Thursday, April 2, 2015
Old and In The Way, Part 3 ~
Boy, talk about some old skills. Most old photo dogs like me spent a great deal of time honing our printing skills in the darkrooms of yore, the Thomas safelight buzzing, hypo fumes wafting into our noses (and hearts and lungs, presumably), and water running, running, running, all day long. Good times. I miss 'em. And that was all state-of-the-art for the time: modern techniques, chemical processes, even the optics and electronics of enlargers and cold-light heads. But what I got really excited about were the ways of making photographs from the earlier, non-silver era of our medium.
I worked a lot in Gum Dichromate; the image above is a portrait I took of my daughter Sara in 1988. I made the negative in my 8 x 10 Burke & James camera, and the printing process involved laying down an emulsion of gum arabic mixed with watercolor pigment on good quality watercolor paper. The emulsion was made light-sensitive by the addition of potassium dichromate, and the negative was contact-printed directly upon it, being exposed to strong ultraviolet light, and then "processed" under gently running water. It was a long, meticulous process getting a good image, sometimes requiring building up many layers over and over. Beer drinking was often involved.

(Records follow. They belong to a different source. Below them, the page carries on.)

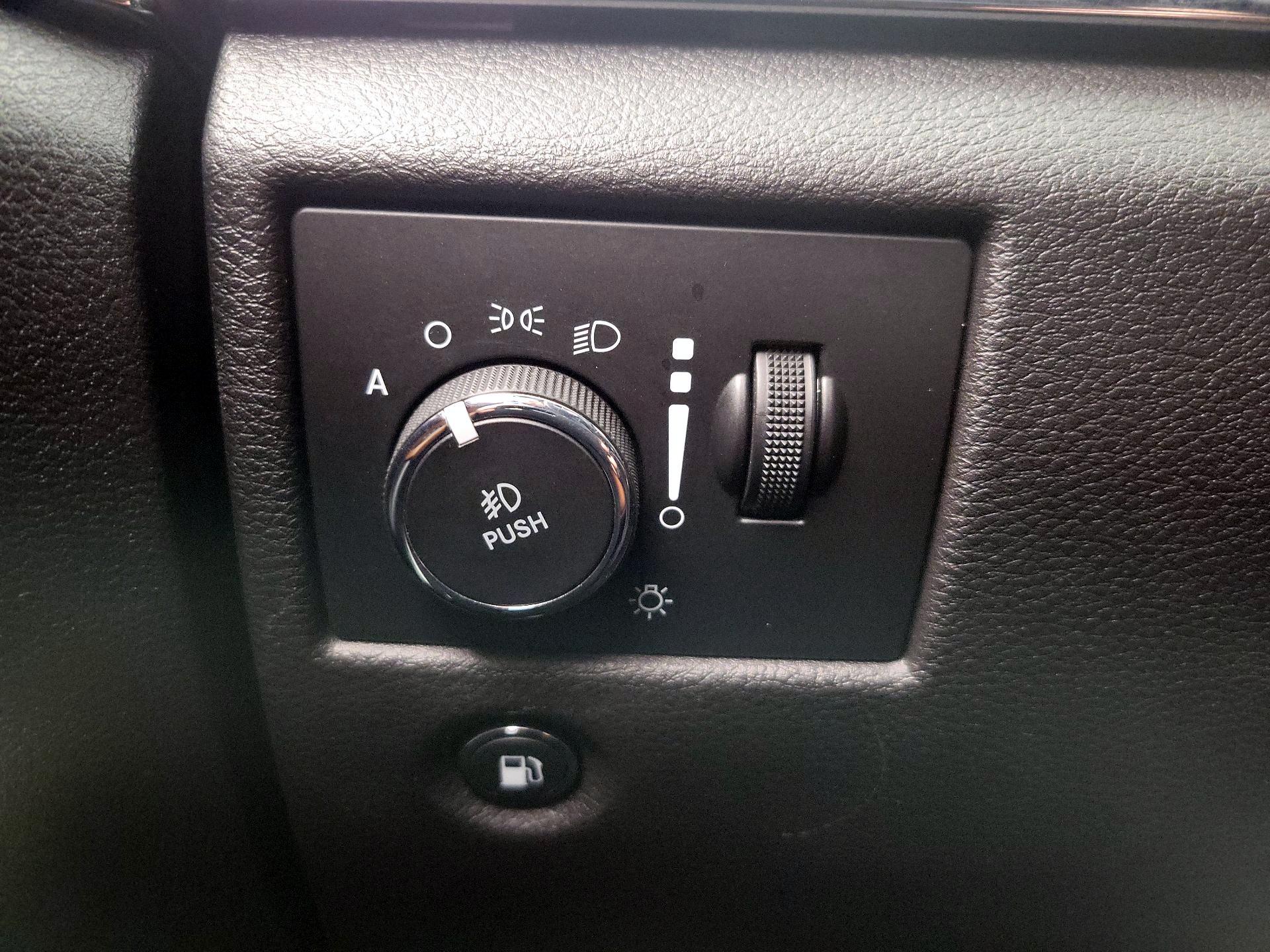 Thumbnail: 2018 Jeep Grand Cherokee - 13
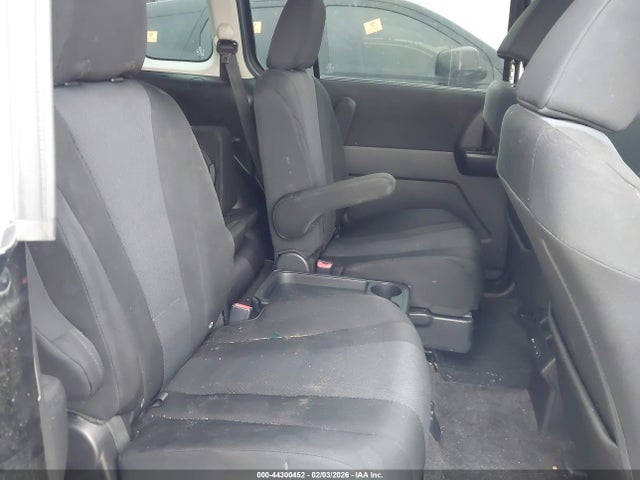 JM1CW2BLXF0184452 Mazda Mazda5 Sport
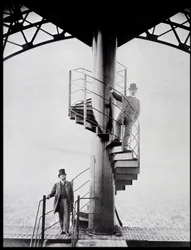 Gustave Eiffel og hans svigersønn Adolphe Salles på trappen til Eiffeltårnet, Paris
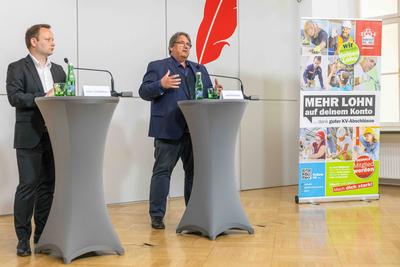20250430 Praesentation der Ergebnisse der Fruehjahrslohnrunde 2025 der Gewerkschaft BAU HOLZ-stock-foto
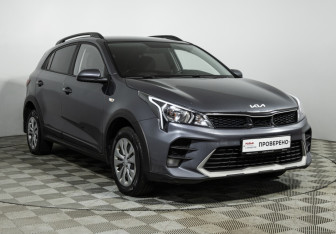 Подержанный автомобиль Kia Rio Hatchback 2021 года (3 фото)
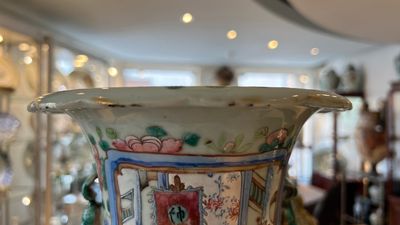 Quatre vases en porcelaine de Chine famille rose, 19/20ème — photo 5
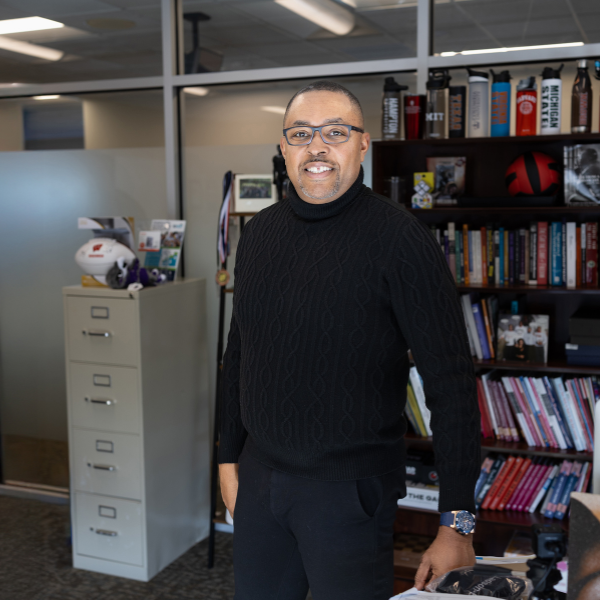 <b>One City Schools</b><br>
One City Schools provide longer school days, year-round calendars, two teachers per classroom and a two-generation approach to strengthen families.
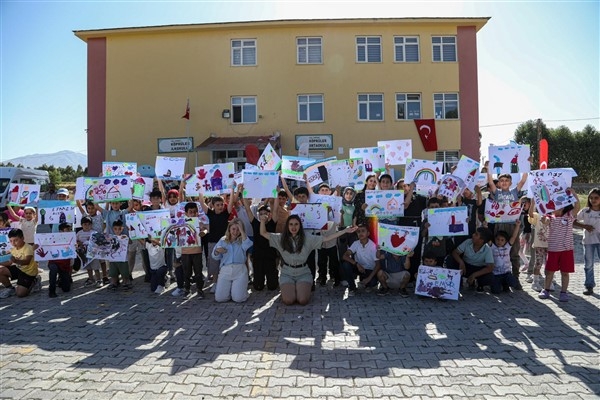 Van'da çocuklar hayallerindeki dünyayı resmetti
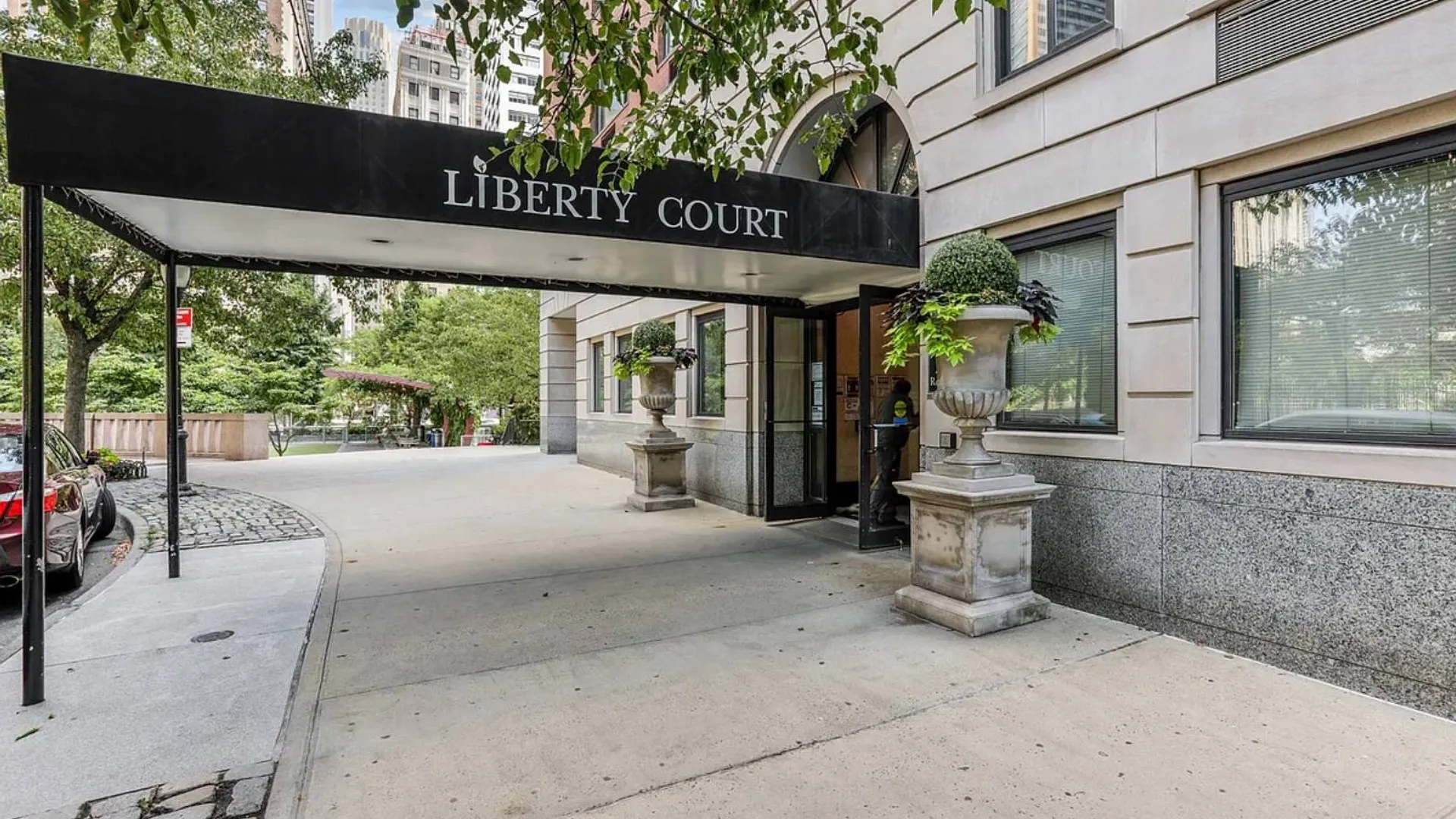 Property at 200 Rector Place, New York, NY 10280 23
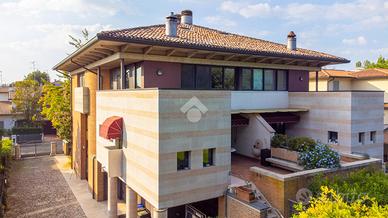 PORZIONE DI BIFAMILIARE A CARPI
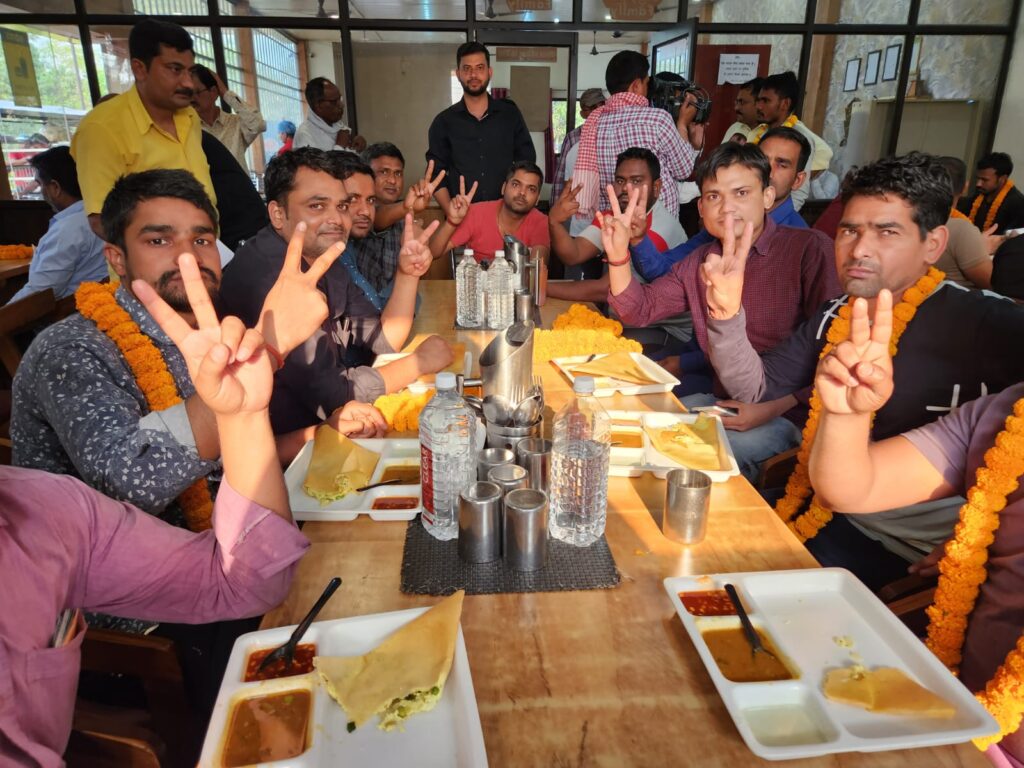 सूडान संकट से लौटे गोरखपुर-बस्ती मंडल के 31 नागरिक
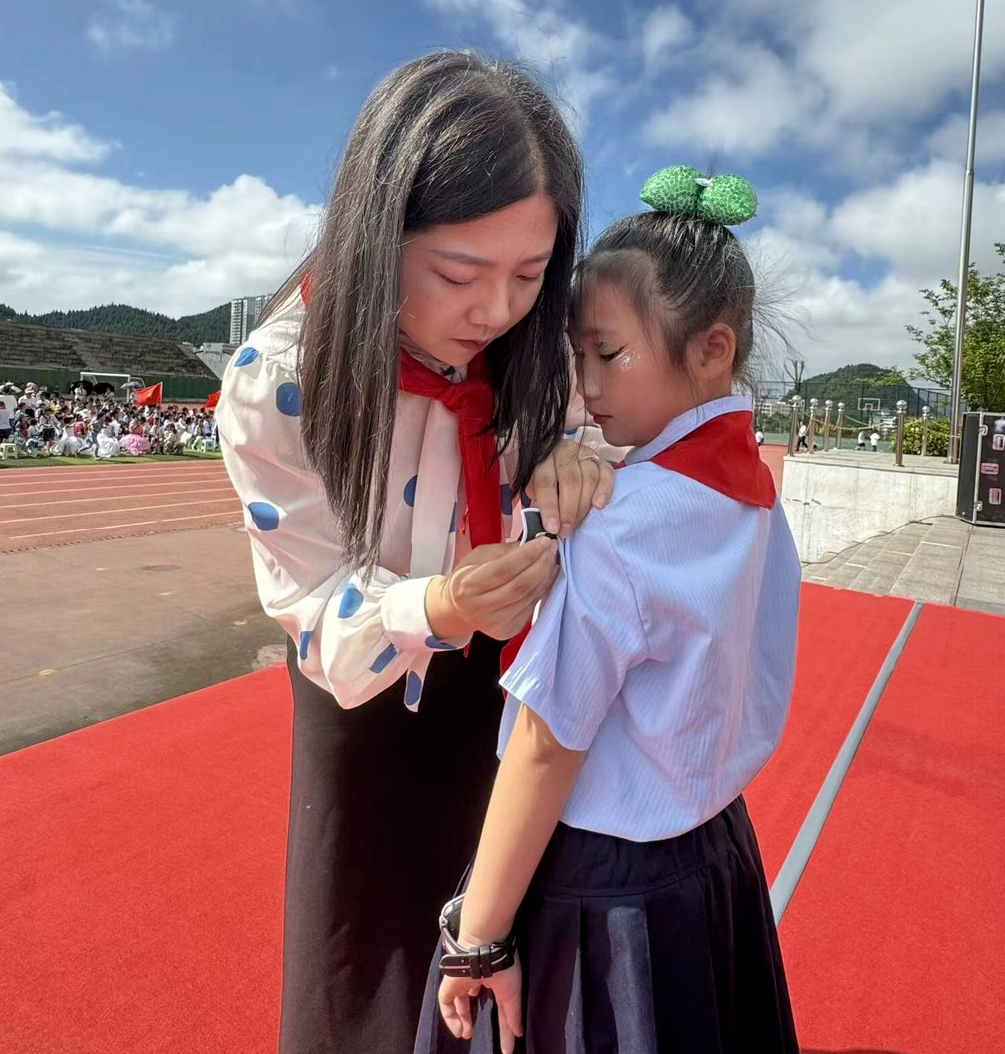 铜仁市第二十小学(学院附小)“红领巾爱祖国”新队员入队暨“六一”文艺汇演主题活动 第53张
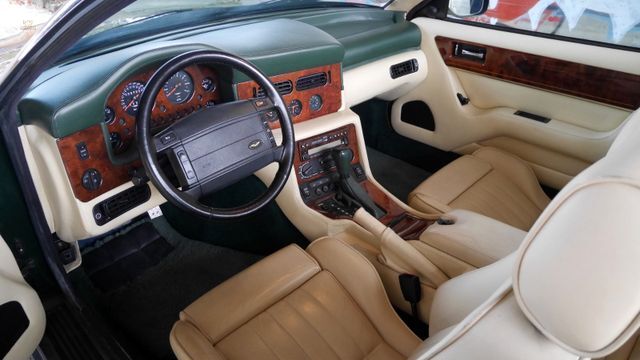 Thumbnail von Aston Martin Virage Volante // British Racing Green //perfekt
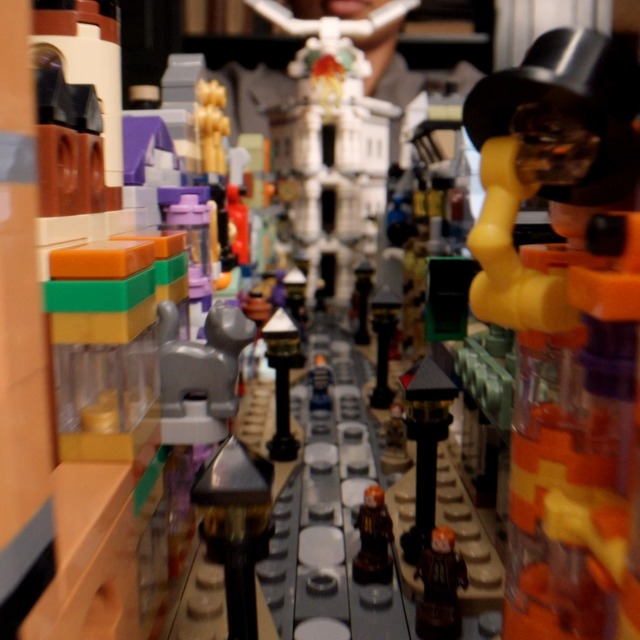 Amazon.co.jp: LEGO Harry Potter Diagon Alley (TM) Magical Store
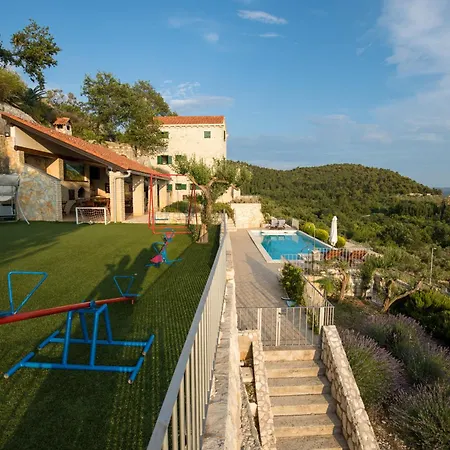 Villa Stolovi *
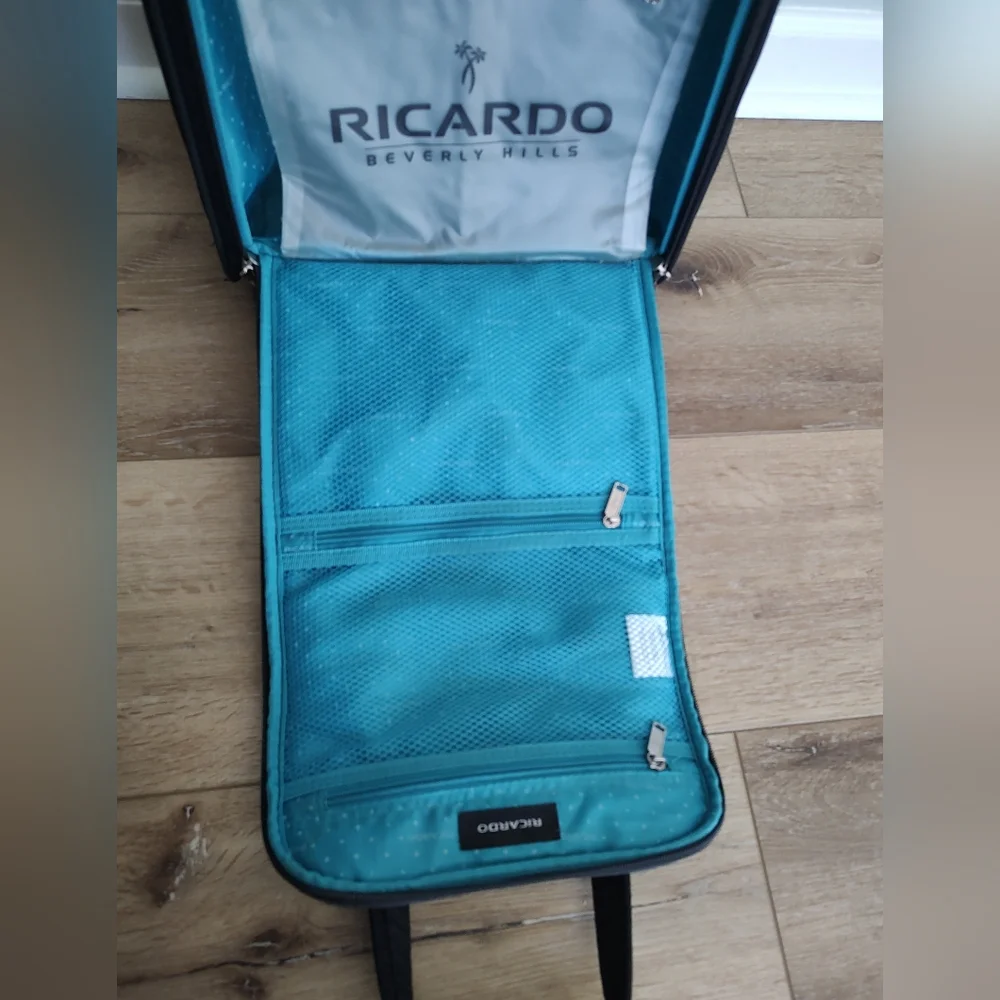 Ricardo Beverly Hills Black Carry-on Under Seat Roller Bag Black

I was thinking a lot about that recently, and my musings lead me to pen a few notes about it here. I've always tried to explore the artistic limits of the craft of photography, every bit as much now as I did 20 or 30 years ago. Maybe even more so. Some say that now you can achieve these results with the pouch of a button, but that's far from the truth. We have infinitely more avenues to push ourselves, to seek and express that creative voice, then we've ever had before.
Someone once complimented the great cellist Pablo Casals on his exquisite music; he was then in his 80's, and responded that, yes, he felt he was starting to get the hang of it.
I'm having the time of my life as a photographer. I have quite a ways to go yet, but yes, I think I'll eventually get the hang of it, too.